Perkuat Sistem Pendataan Pelaporan Kasus Kekerasan
Pandemi Covid-19 tidak mengurangi praktik kekerasan terhadap perempuan dan anak dari berbagai kekerasan. Karena itu, layanan korban kekerasan harus ditingkatkan demi melindungi perempuan dan anak.
Oleh
Sonya Hellen Sinombor
·3 menit baca
DENPASAR, KOMPAS — Sistem pencatatan data, pelaporan, dan manajemen kasus kekerasan terhadap perempuan dan anak serta tindak pidana perdagangan orang dinilai belum sepenuhnya terpadu. Karena itu, sistem pendataan data kasus kekerasan mesti diperkuat untuk memastikan korban mendapat layanan yang komprehensif.

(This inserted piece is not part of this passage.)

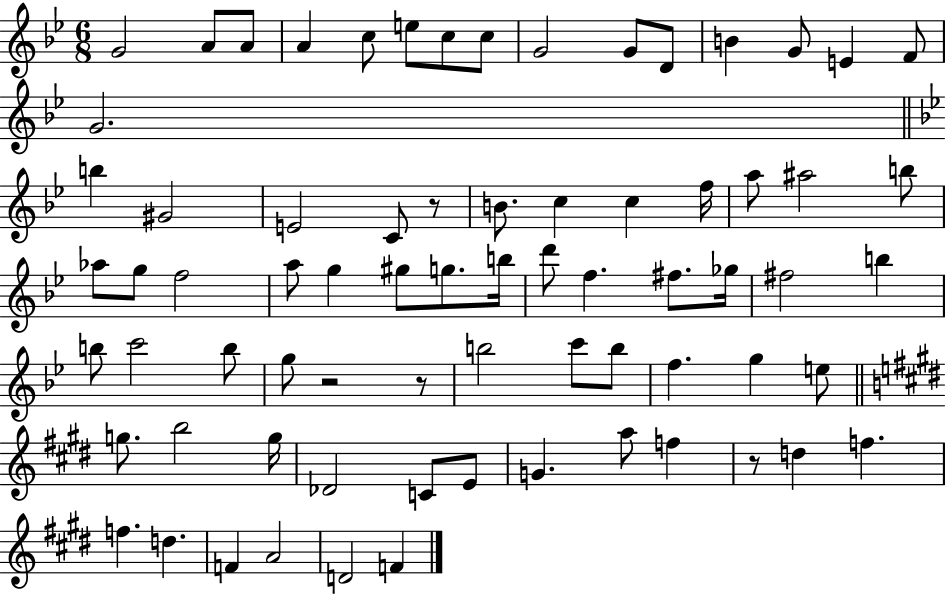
G4/h A4/e A4/e A4/q C5/e E5/e C5/e C5/e G4/h G4/e D4/e B4/q G4/e E4/q F4/e G4/h. B5/q G#4/h E4/h C4/e R/e B4/e. C5/q C5/q F5/s A5/e A#5/h B5/e Ab5/e G5/e F5/h A5/e G5/q G#5/e G5/e. B5/s D6/e F5/q. F#5/e. Gb5/s F#5/h B5/q B5/e C6/h B5/e G5/e R/h R/e B5/h C6/e B5/e F5/q. G5/q E5/e G5/e. B5/h G5/s Db4/h C4/e E4/e G4/q. A5/e F5/q R/e D5/q F5/q. F5/q. D5/q. F4/q A4/h D4/h F4/q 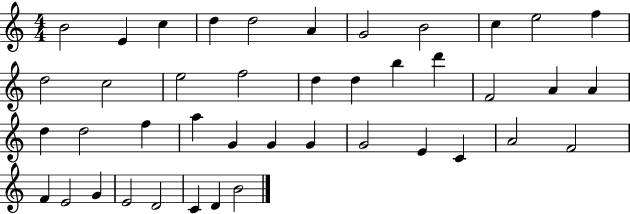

Pemberdayaan perempuan dan perlindungan anak di Tanah Air juga membutuhkan komitmen sejumlah pihak. Penguatan juga perlu dilakukan dalam pendataan urusan pemberdayaan perempuan dan perlindungan anak (PPPA) di pusat dan daerah.
Demikian rekomendasi Rapat Koordinasi Nasional PPPA Tahun 2021 yang disampaikan dalam bentuk komitmen ”Sinergi Pusat dan Daerah dalam Mewujudkan Indonesia Ramah Perempuan dan Layak Anak” yang dibacakan Kepala Dinas Provinsi Sulawesi Tengah Ihsan Basir di Denpasar, Bali, Kamis (17/6/2021) petang.
”Penyediaan dan pemanfaatan data PPPA, termasuk anak yang memerlukan perlindungan khusus, sebagai dasar perencanaan dan penganggaran yang berbasis bukti,” ujar Ihsan saat membacakan komitmen Rakornas PPPA.
Komitmen penguatan dan koordinasi semua pihak juga harus diwujudkan dengan meningkatkan pemberdayaan perempuan di bidang kewirausahaan, khususnya perempuan penyintas kekerasan dan bencana, perempuan kepala keluarga, serta perempuan rentan lainnya.
Penyediaan dan pemanfaatan data PPPA, termasuk anak yang memerlukan perlindungan khusus, sebagai dasar perencanaan dan penganggaran yang berbasis bukti.
Sejumlah isu perlindungan anak juga jadi perhatian, seperti peningkatan kualitas pengasuhan anak baik dalam keluarga, keluarga pengganti, dan institusi (lembaga pengasuhan alternatif) berbasis hak anak; serta penurunan kekerasan terhadap perempuan dan anak.
Selain itu, anak mesti dilibatkan dalam proses perencanaan, pelaksanaan, serta pemantauan dan evaluasi pembangunan PPPA di pusat dan daerah. Demikian juga penghapusan pekerja anak melalui upaya pencegahan dan penarikan anak dari pekerjaan terburuk bagi anak dengan melibatkan berbagai pihak, serta memastikan anak yang bekerja dapat terpenuhi hak-haknya.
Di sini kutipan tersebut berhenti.